Overwhelmed and homesick, Bonnin looked for music to match the mood. That moment never faded, directly inspiring her own work.

“I like to create a soundtrack for my life,” says Bonnin. “We all do — we play music on a road trip, before a date, or alone with our headphones after a breakup.
With Leave One Day, I wanted to bring that feeling to the screen. Not through big musical numbers, but with songs that follow real-life moments. It’s playful, and it breaks from traditional storytelling, but it’s universal, because we’ve all been there.”
She had her performers belt out each tune live on set, emphasizing the process’ imperfection and spontaneity.
“I can’t work in the abstract,” she explains. “Dubbing was never an option. Every emotion, every inflection had to come from the moment. Capturing what was truly happening in front of us was far more satisfying for the cast and crew — and knowing it’s real makes it more powerful for viewers. The joy is immediate.”

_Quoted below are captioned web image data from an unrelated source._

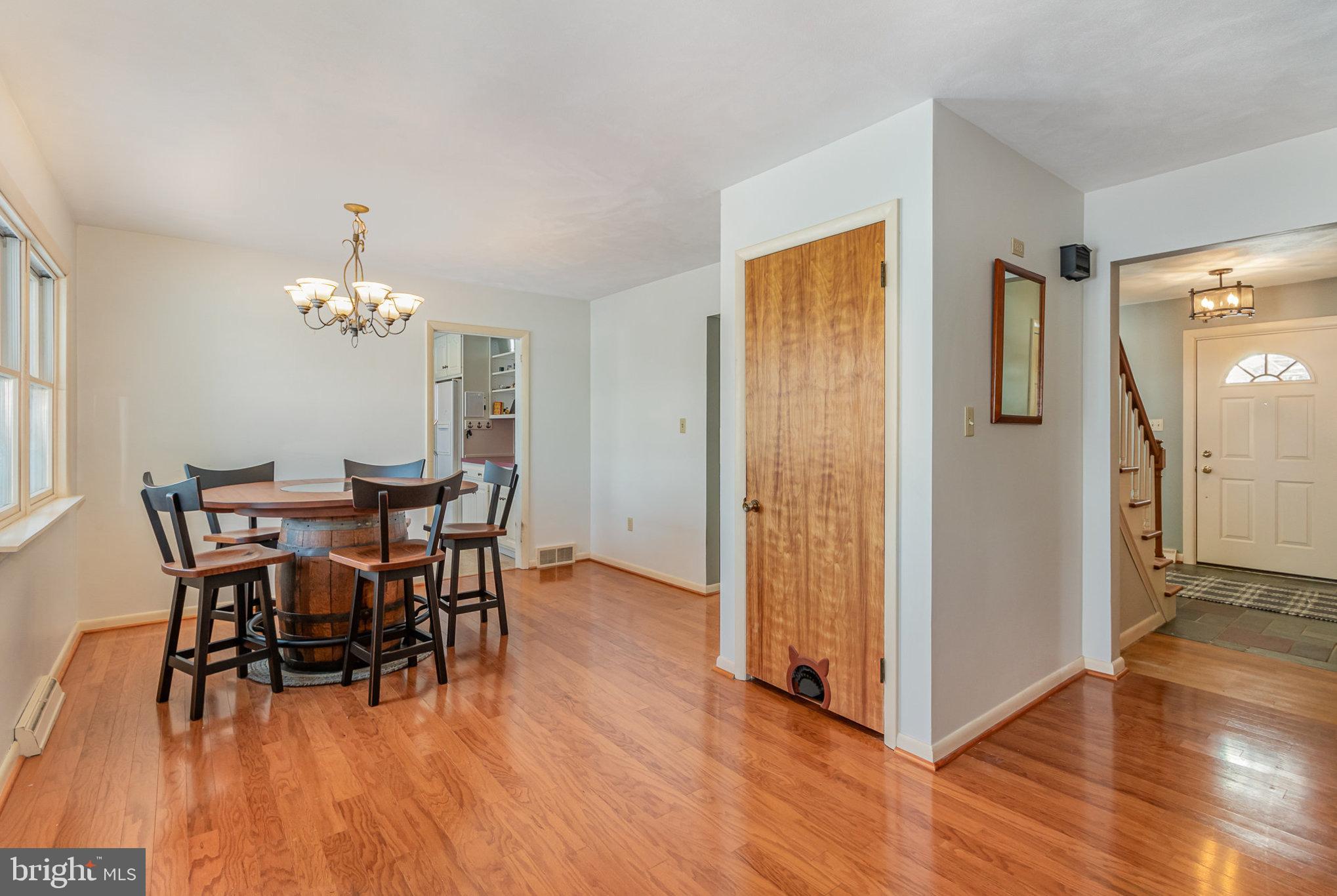 207 Hilltop Road Boiling Springs, PA 17007 - Photo 12 of 37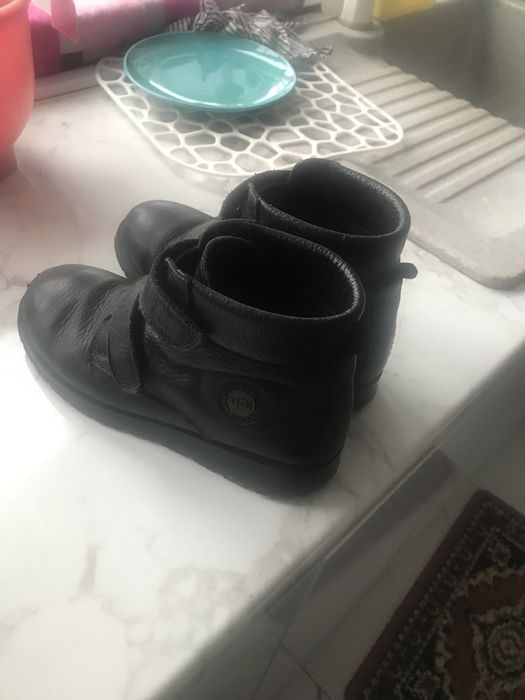 Продам осеннюю обувь мальчиковую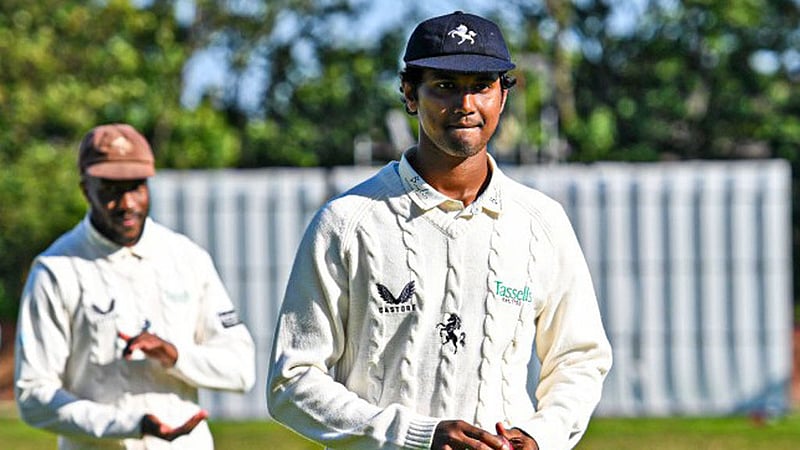 কাউন্টিতে ফিরেই বল হাতে উজ্জ্বল হাসান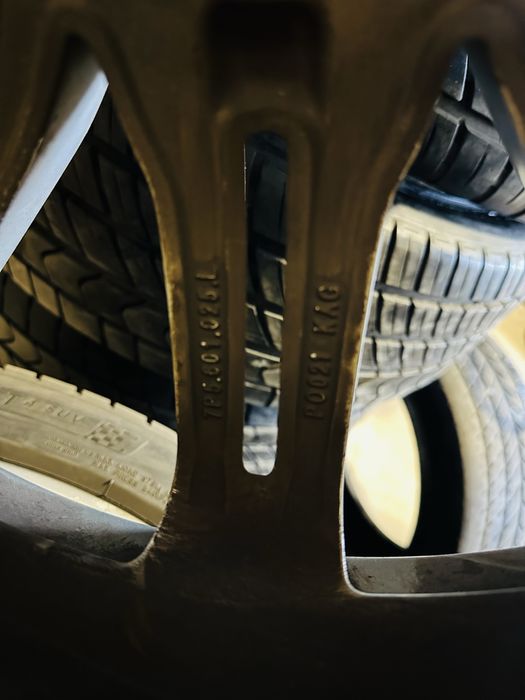 295/35 21 Мишлен 21 оригинални джанти Порше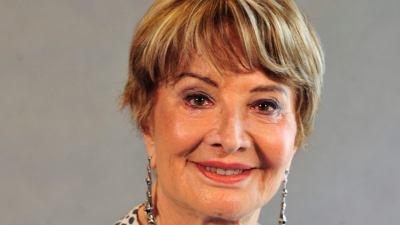 Glória Menezes está internada com infecção respiratória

“The magic lies in that moment of collective invention — bringing an image to life that couldn’t exist any other way,” Bonnin adds, citing Michel Gondry as key influence. “It’s about building something together, and then watching it unfold in real time.”

Bonnin wrote the film for pop star Juliette Armanet — a popular French chanteuse who made her acting debut in Bonnin’s previous short. This time, the star would never step off-screen, all while navigating the joyful chaos of a film set that cherished imperfection.
“Juliette is used to controlling her singing career down to the millimeter, to singing everything perfectly,” Bonnin notes. “So I constantly made her perform in a very different way. She wasn’t alone in a booth with headphones just thinking about the song — she had to think about how she interacted with her partner, all while skating backward, all while countless people buzzed around her. There was too much to take into account, and that suited our needs perfectly.”
“At first, I thought, I’ve already made a film with songs — so I can’t do that again,” she says. “But now I think, why not? Music lets me step just outside of reality and access a different kind of storytelling. That touch of fantasy brings greater emotion as well.”